Skim--Mariko Tamaki (book review)

First off, I'm not what you'd call a graphic novel fan. Never have been.

What do you bet authors hate it when reviewers admit to not really digging their genre and then proceed to review their book anyway? "It was too, I dunno . . . graphic novel-ish. But other than that, I guess it was okay."

The thing is, though, I've read several graphic novels this year which exceeded my expectations. In fact, they raised the bar enough that I started to think maybe I do like graphic novels, after all, if they're the right kind: character-driven realistic fiction.

On the surface, Skim fits the bill: Author Mariko Tamaki and illustrator Jillian Tamaki (I love that they're cousins) portray a depressed Asian-Canadian teen's search for meaning and connection in her life in the aftermath of a friend's boyfriend's suicide. And, there are some great moments:

...Skim's attendance at her first Wicca meeting which turns out to be serving double duty as an AA meeting...

If I was taking someone to an AA group I would have mentioned that

...Skim's crush on her female hippie-esque English and Drama teacher, who encourages the attachment until it becomes innappopriate (aka, illegal), then shuts Skim out of her life without warning...

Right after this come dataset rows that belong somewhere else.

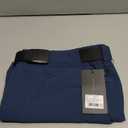 FREE SOLDIER Men's Outdoor Cargo Hiking Pants with Belt Lightweight Waterproof Quick Dry Tactical Pants Nylon Spandex (34W x 30L, Navy)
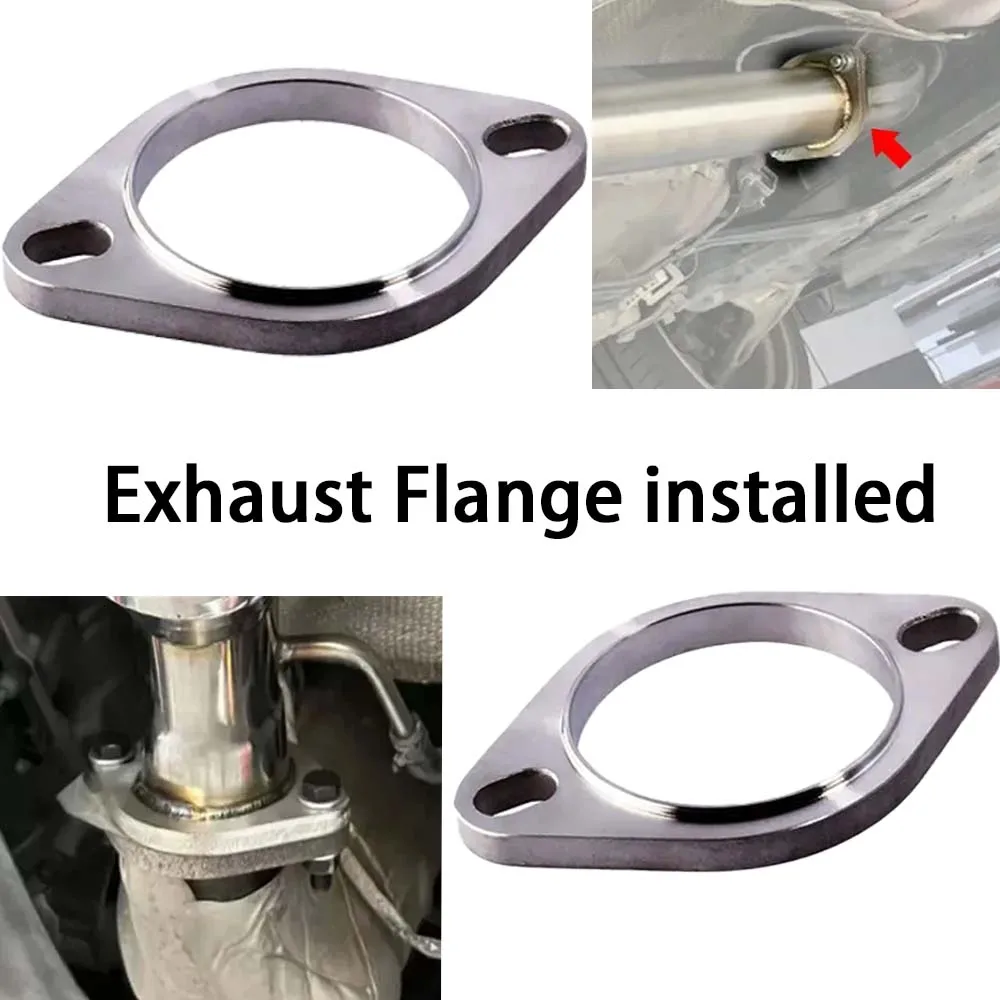 2 2.5 3 Inch 304 Stainless Steel Exhaust Flange 52mm 64mm 77mm Muffler Pipe Connection Joint Accessories
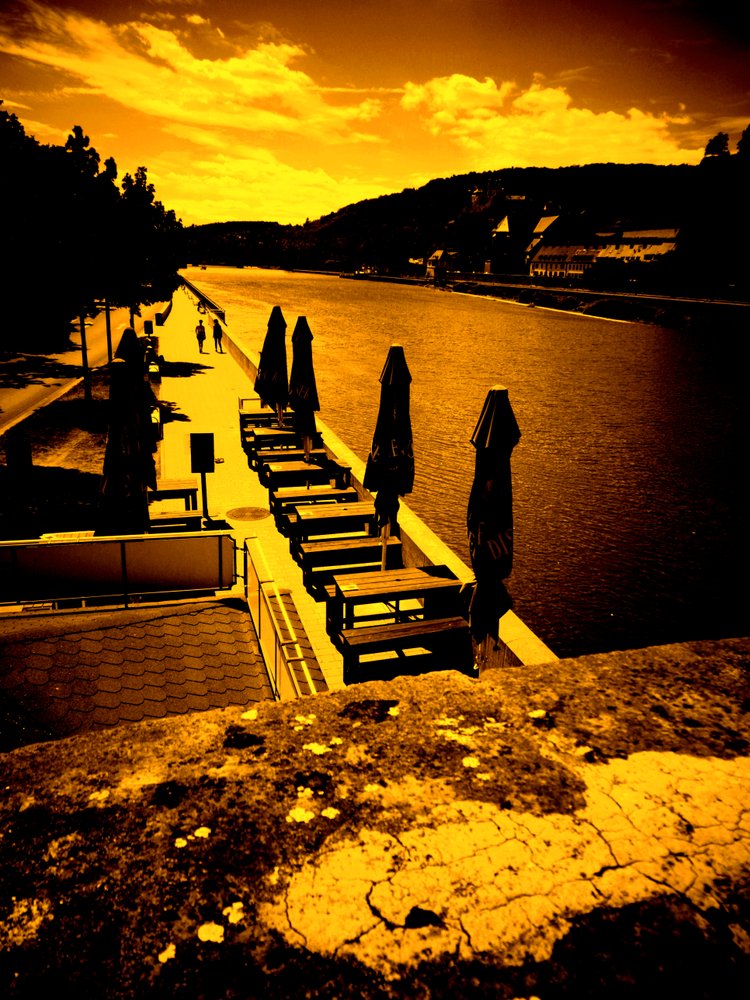 Près du vieux pont du Main à Wurtzbourg - Martina Konitzky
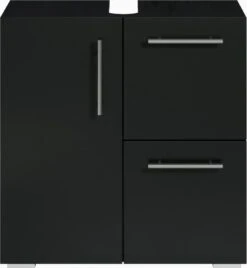 Badplaats Wastafel Onderkast Mars 60 Cm X 30 Cm X 60 Cm - Zwart - Badkamerkast – Staand Wastafelmeubel -Badkamer Kast Winkel 1106x1200 4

All the spells for bringing someone back to you need hair from the person
who has left. How are you supposed to get hair if the person won't talk to
is gone? Witchcraft=total crap.

So, why didn't I love this book?

Too graphic novel-ish.

Just kidding.

Reading Skim felt like watching the previews for a movie that looks interesting enough on the surface to make you want to know more. But a novel needs to do more than touch on a series of interesting moments. It needs to tie them together with a thread that pulls the reader into the main character's world. I wanted to care about Skim and her teen angst, but I never quite got there before the book ended.

Plenty of people have, though, which is why Skim appeared on my list of Mock Printz Award titles, and is up for a Governor General’s Award for Children’s Literature. You can learn more about the author on her website,

Soundtrack: Lovesong, by The Cure. Seems like the kind of thing Skim might've been listening to in 1994, when the story takes place.


  1. I'm just starting to get into graphic novels. Sounds like this one might have some interesting premises, but not fully flesh them out.

    I read a great quote by Dave Eggers about graphic novels, "Far from being literary fiction’s halfwit cousin, the graphic novel is actually its mutant sister, who can often do everything fiction can, and, just as often, more."

  2. hmmm...I can say that I have never read a graphic novel. I think I even missed when they first hit the book scene.
    But perhaps it is something I need to look into.
    After I finish my TBR pile.

  3. I tried a graphic novel recently and they're not "my cup of tea" either. I guess I really shouldn't base that on one book though.

  4. Heather, what a cool quote. It's a struggle for me to get out of a graphic novel what the illustrator put into it--I have to remind myself to spend as much time looking at the pictures as reading the words. But when I do it right, I would agree with Eggers.

    Caite and Bermudaonion, the great thing about graphic novels, if you want to try them, is that they go fast. I read The Shiniest Jewel, which was probably my favorite, in one morning. I picked up Skim on the way to the skatepark with my kids and finished it before they were done--about an hour and a half. Persepolis took a little longer because it was 2 books in one and was a little denser than the others--but I was still done with it in a couple days.